Getting the Independent vote, more people registering as Independent
Ahead of Tuesday’s midterm election, a growing number of people seem to be claiming no party affiliation and those Independents could end up playing a crucial role in the outcome.
An analysis by non-profit news organization 'South Dakota News Watch' said Independent voters will likely be key, especially in South Dakota’s gubernatorial election. This as the state and the nation continue to see more people registering along non-traditional party lines.
“I think there’s a lot of, sometimes, a lot of shame involved with what political party you're involved with,” Sioux Falls voter Joe Hiatt said.
South Dakota has been following a national trend of more people registering as Independents or "no party affiliation." According to 'South Dakota News Watch', the Secretary of State’s office said more than 126,000 people in the state are registered Independents.
“It’s not very surprising because I think people are becoming a little bit more developed in their thought processes and just not following party lines,” Sioux Falls voter Taylor Suess said.
Julia Hellwege is an assistant political science professor at USD and said she’s noticed more people saying they're tired of career politicians and established political parties.
“And that we really need to spend more time really studding the candidates and studying the issues. A lot of people want to hear more of the complex story is what they're saying,” Hellwege said.

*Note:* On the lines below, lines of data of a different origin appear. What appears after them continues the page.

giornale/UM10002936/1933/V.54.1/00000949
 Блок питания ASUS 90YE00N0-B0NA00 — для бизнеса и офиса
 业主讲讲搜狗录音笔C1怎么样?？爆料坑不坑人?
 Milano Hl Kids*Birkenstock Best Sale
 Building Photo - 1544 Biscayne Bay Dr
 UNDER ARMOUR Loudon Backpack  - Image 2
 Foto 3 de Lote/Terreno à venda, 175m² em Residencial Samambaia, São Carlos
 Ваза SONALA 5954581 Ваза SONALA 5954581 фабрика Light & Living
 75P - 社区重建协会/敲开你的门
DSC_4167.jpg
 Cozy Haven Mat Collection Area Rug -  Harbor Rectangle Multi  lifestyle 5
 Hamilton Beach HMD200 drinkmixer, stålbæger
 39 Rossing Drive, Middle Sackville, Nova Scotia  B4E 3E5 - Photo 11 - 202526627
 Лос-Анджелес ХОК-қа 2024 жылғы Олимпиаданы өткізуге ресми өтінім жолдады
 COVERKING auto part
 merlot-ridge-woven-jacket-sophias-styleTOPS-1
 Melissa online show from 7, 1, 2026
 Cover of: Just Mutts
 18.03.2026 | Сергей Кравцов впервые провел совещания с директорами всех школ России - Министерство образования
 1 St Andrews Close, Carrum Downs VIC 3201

“Depending on where you are, it could be an even split between who just tends to stay Republican or stay voting Democrat. By catching all those intermediate voters that’s where you can gain the biggest advantage politically,” Suess said.
Hellwege said having more Independent voters means more work for candidates.
“They as candidates can’t simply rely on that party affiliation. They need to speak to Independents who usually are moderates,” Hellwege said.
Both parties have been working on just that.
“Independents are voters that we want to vote for us because they have not already expressed interest in voting Democrat. So we make specialized pitches to that demographic with post cards and mailings and such,” South Dakota Republican Party Finance Director Dave Roetman said.
“It’s always great to have more people coming to your events and you don’t have to motivate them as much if they're already a Democrat. But, totally respect that people are deciding to be Independents. People just don’t feel connected to either party as much these days and we understand that. So we are just working to bring people in now,” South Dakota Democratic Party Executive Director Sam Parkinson said.
Hellwege said being an Independent voter also usually means more work as they tend to spend more time than voters who fall along traditional party lines researching the candidates.
A lot of activist groups are saying no matter you party affiliation it’s important to get out and vote Tuesday to have your voice heard.